▶ What you will do
In the entries that follow, find the line containing "Hummingbirds Wreath Square" and the line containing "3D Silicone Replacement", then copy exactly everything from the first through the second except the pictures.

▶ Dataset records
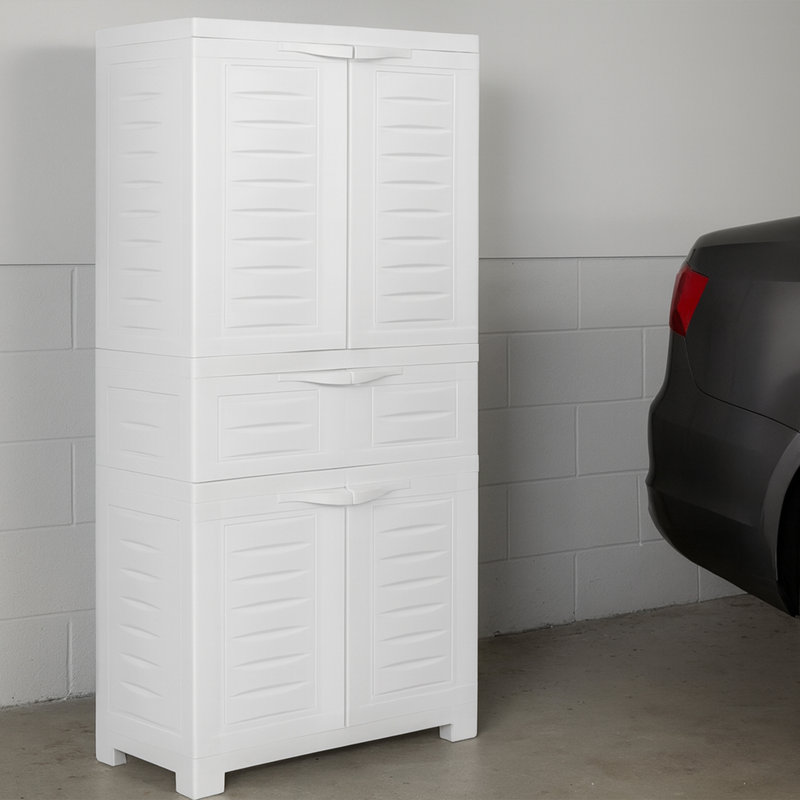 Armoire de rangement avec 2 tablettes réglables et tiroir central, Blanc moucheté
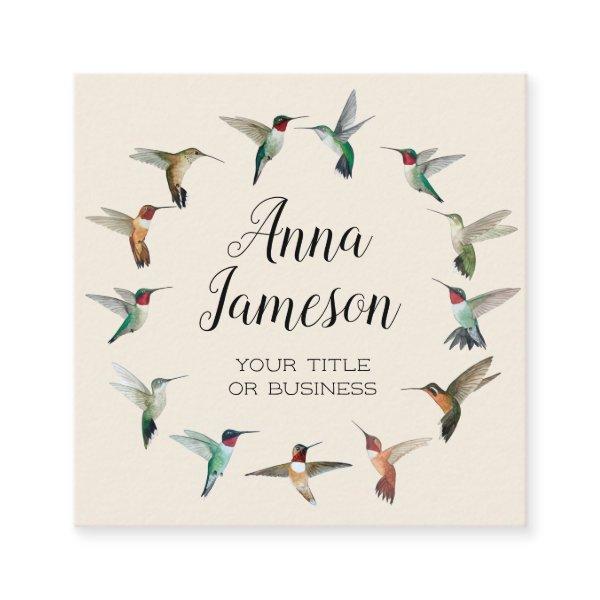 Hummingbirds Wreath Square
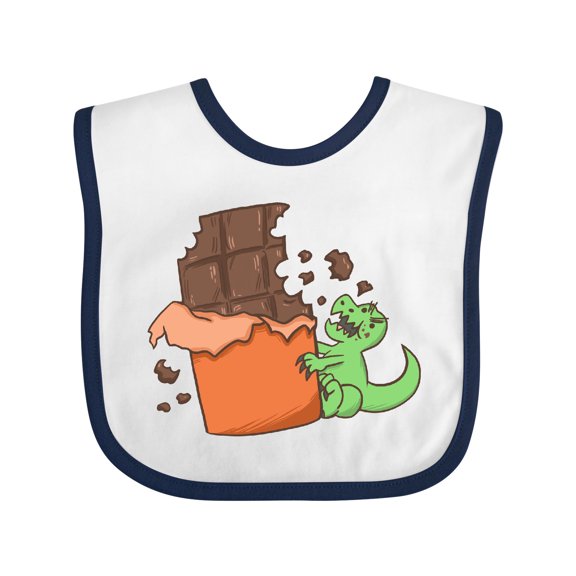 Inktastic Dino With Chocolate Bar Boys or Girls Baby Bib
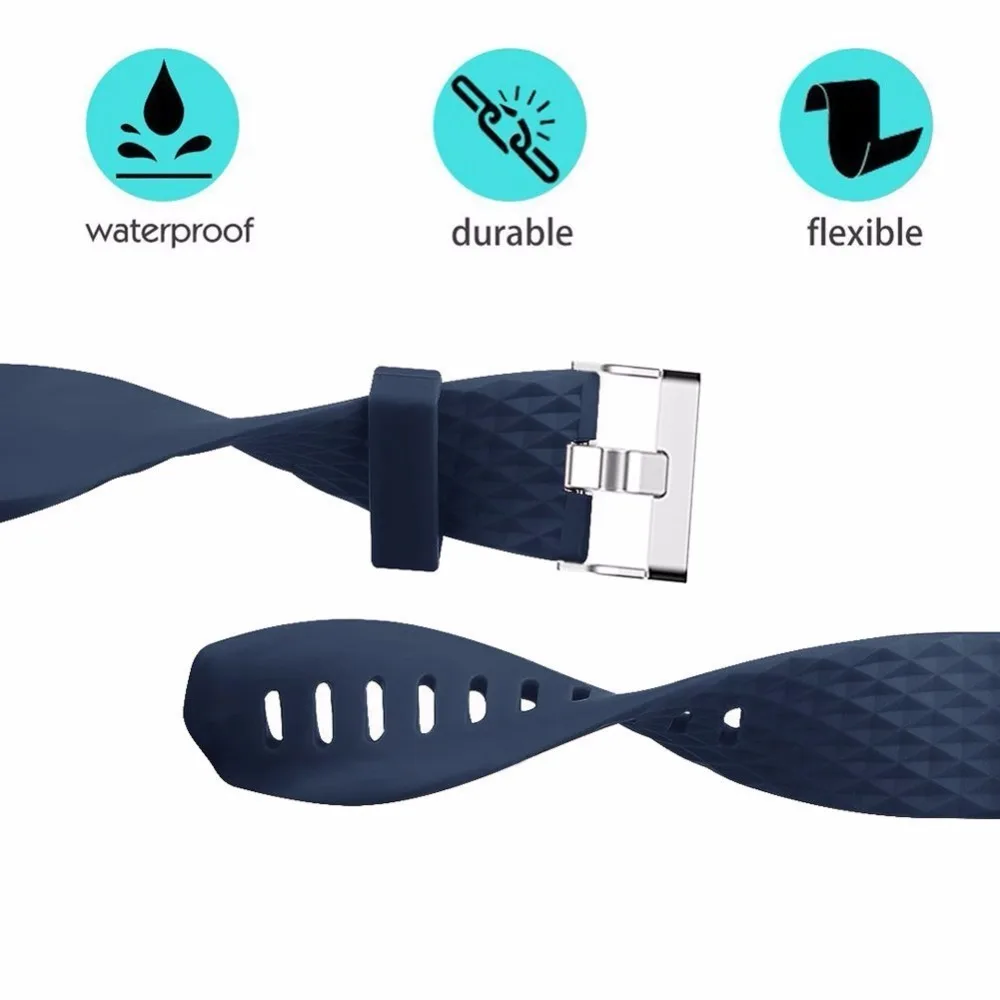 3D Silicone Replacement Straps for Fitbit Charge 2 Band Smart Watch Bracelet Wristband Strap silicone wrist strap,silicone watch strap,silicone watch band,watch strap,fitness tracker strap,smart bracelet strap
* * *
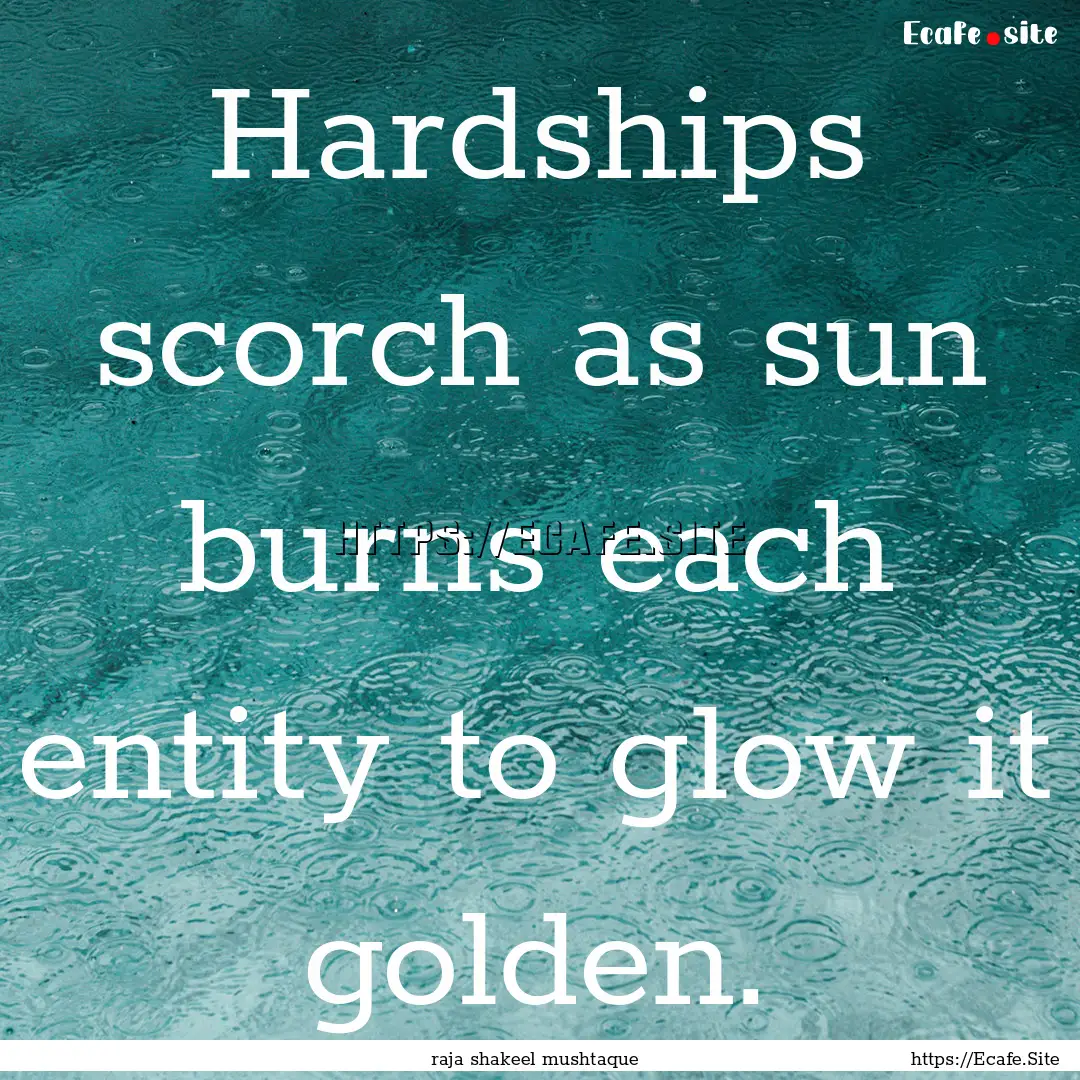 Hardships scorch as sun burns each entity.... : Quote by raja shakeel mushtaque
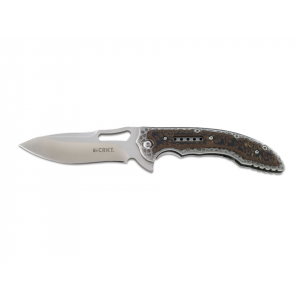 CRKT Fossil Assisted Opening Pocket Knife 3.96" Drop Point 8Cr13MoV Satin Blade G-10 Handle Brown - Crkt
...
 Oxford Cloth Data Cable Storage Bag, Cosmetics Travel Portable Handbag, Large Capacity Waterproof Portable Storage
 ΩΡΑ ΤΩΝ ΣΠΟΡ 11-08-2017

▶ Task answer
 Hummingbirds Wreath Square
 Inktastic Dino With Chocolate Bar Boys or Girls Baby Bib
 3D Silicone Replacement Straps for Fitbit Charge 2 Band Smart Watch Bracelet Wristband Strap silicone wrist strap,silicone watch strap,silicone watch band,watch strap,fitness tracker strap,smart bracelet strap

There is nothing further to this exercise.